Turning to the statutory best-interest factors, the court concluded that they all supported termination. As to the most important factor, the court found no likelihood that father could resume parental duties within a reasonable period. He had made no progress toward answering the question of whether he posed a sexual risk to his children. His failure to timely engage in mental health and substance abuse assessments, as well as his failure to make headway in following the treatment recommendations, left the court unable to reach conclusions about his parenting capacity for such injured children and whether it would be safe for father to have unsupervised time with them. Father appealed.

All of father's arguments on appeal turn on the timely proof, or lack thereof, of the allegations of sexual misconduct by father that underlay the CHINS determination, the disposition case plan approved by the court, and the court's ultimate termination decision. In particular, father argues that both the CHINS determination and the disposition order and its requirement that father undergo a psychosexual evaluation were issued without any evidentiary basis to support the underlying allegations of sexual misconduct. His rights cannot be terminated largely on account of his failure to engage in a psychosexual evaluation, father argues, when the State has never proven by any standard that he engaged in conduct warranting the psychosexual evaluation requirement in the first place. Moreover, father argues that the court's finding at the TPR hearing on the critical question of whether father engaged in sexual misconduct with one or both of the children was supported only by hearsay testimony, in violation of father's constitutional rights.

The force of father's arguments is considerably undermined by the positions and actions he took throughout the trial court proceedings—particularly at the CHINS and disposition hearings.

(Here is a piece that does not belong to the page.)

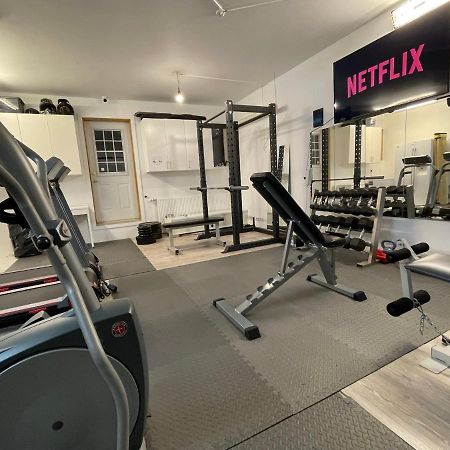 4-Bedroom Villa With Private Gym And Hot-Tub Reykjavík Zewnętrze zdjęcie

Father first argues that the court erred in issuing a CHINS merits determination based on mother's stipulation to the CHINS finding when he did not enter into a stipulation.2 No party filed a timely appeal of the CHINS decision, and under the law then in effect, that decision became final in 2015.3 Father cannot collaterally attack the CHINS decision in this appeal. See In re C.P., 2012 VT 100, ¶ 28, 193 Vt. 29 (recognizing, under statute in effect at time of CHINS decision here, that CHINS determination is final appealable order and cannot be collaterally attacked); In re D.D., 2013 VT 79, ¶ 32, 194 Vt. 508 (holding, under statute in effect at time of CHINS order here, that party must appeal from CHINS decision within thirty days and cannot wait to appeal until after issuance of disposition order). To the extent that father asserts that the CHINS decision is void for lack of jurisdiction, we reject that argument. In re C.P., 2012 VT 100, ¶ 18 (rejecting similar argument, and explaining that “a challenge made on subject matter grounds must show that the court lacked jurisdiction over the general category of case”).

Father likewise argues that his failure to comply with the case plan requirement of a psychosexual evaluation cannot support his ultimate termination because that requirement was itself unwarranted and unsupported by any judicial findings that father engaged in conduct that warranted such an evaluation. In essence, he seeks to collaterally attack the court's disposition order.

We decline to reach father's challenge to the psychosexual evaluation requirement for two reasons. First and foremost, as set forth above, at the disposition hearing, father did not contest the requirement or put the State to its proof as to its necessity. After the disposition hearing, father's challenges with the psychosexual evaluation requirement did not surface in the court record until April 2016, well after the disposition order. In a pretrial conference, father's counsel represented to the court that the psychosexual evaluator could not complete an evaluation without father admitting the allegations of sexual abuse. Counsel noted at that time that there had been a recantation. At the time of the disposition hearing, by contrast, father, through counsel, affirmed that he had no objection to the requirements of the case plan and maintained that position throughout the proceeding—even after the trial court specifically flagged the psychosexual evaluation requirement. By accepting the evaluation condition, father forfeited his opportunity to challenge its necessity.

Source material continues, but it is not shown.